After the first rescue attempt, the militants began using loudspeakers to declare their ransom demands. They read the names of prisoners they wanted released from Israeli prisons, they demanded a plane to fly them out of the country, and also asked that the Romanian ambassador be involved in the negotiations.

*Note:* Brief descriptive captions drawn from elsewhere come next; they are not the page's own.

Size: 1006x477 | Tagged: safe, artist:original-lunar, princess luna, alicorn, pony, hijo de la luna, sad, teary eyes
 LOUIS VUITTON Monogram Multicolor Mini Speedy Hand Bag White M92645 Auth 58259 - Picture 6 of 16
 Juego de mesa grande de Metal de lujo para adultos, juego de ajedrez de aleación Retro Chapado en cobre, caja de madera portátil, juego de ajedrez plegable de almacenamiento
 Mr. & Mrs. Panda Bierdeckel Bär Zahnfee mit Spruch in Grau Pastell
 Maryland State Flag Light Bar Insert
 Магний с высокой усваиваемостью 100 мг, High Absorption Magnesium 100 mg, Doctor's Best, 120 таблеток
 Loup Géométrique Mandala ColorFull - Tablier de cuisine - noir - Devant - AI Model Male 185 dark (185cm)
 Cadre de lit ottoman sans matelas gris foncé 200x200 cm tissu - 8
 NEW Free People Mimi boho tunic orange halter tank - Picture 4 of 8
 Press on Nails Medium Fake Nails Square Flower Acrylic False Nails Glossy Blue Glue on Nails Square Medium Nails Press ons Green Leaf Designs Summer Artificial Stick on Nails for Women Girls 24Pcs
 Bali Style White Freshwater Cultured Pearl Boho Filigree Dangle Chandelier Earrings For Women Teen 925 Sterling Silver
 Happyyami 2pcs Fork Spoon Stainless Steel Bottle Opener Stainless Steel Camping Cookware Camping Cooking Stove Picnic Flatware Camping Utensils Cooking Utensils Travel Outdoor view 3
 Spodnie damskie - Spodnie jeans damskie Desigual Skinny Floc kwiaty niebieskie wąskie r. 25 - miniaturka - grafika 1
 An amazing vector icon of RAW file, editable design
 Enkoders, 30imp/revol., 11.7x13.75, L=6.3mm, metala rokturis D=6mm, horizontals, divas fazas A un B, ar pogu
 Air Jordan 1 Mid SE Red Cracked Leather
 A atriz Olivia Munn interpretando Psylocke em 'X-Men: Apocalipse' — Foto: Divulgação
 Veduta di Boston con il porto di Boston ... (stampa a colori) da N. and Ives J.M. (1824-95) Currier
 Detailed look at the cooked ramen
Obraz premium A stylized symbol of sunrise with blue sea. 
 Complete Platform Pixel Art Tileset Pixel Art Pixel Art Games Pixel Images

After lengthy negotiations, at around 10:00 pm on April 8, a team from the Sayeret Matkal special forces unit, under the command of Major General Uzi Dayan, broke into the building through several openings and retook the building in a raid that lasted only two minutes. During this takeover, all of the militants were killed and all hostages were rescued. Six Sayeret Matkal soldiers were injured during the takeover. During the operation, one of the militants shot Meir Peretz in his legs, while Peretz was tied up and lying on the floor, and then blew himself up using a hand grenade.

== Victims ==
=== Israeli civilian fatalities ===
- Eyal Gluska, 2, of Misgav Am
- Sammy (Samuel) Shani, 36, of Misgav Am

=== Israeli military fatalities ===
- Sgt. Eldad Tsafrir, 19, of Tel Aviv

== The perpetrators ==
In an announcement in Beirut after the attack, the Iraqi-backed Arab Liberation Front, a radical guerrilla group within the PLO, claimed responsibility for the attack and stated that the action was carried out with the aim of releasing 50 Palestinians from Israeli prisons.

== Israeli retaliation ==
Following the attack, Israel carried out Operation High Voltage (מבצע מתח גבוה) on April 17, 1980, in which seaborne Israeli Shayetet 13 commandos raided and destroyed the Ras el-Sheikh Palestinian guerrilla base in southern Lebanon (20 kilometers north of Tyre and about 40 kilometers north of the Israeli border). An IDF spokesman stated that the base was used as a supply center and staging base for terror raids in Israel. Six guerrillas were killed during the operation.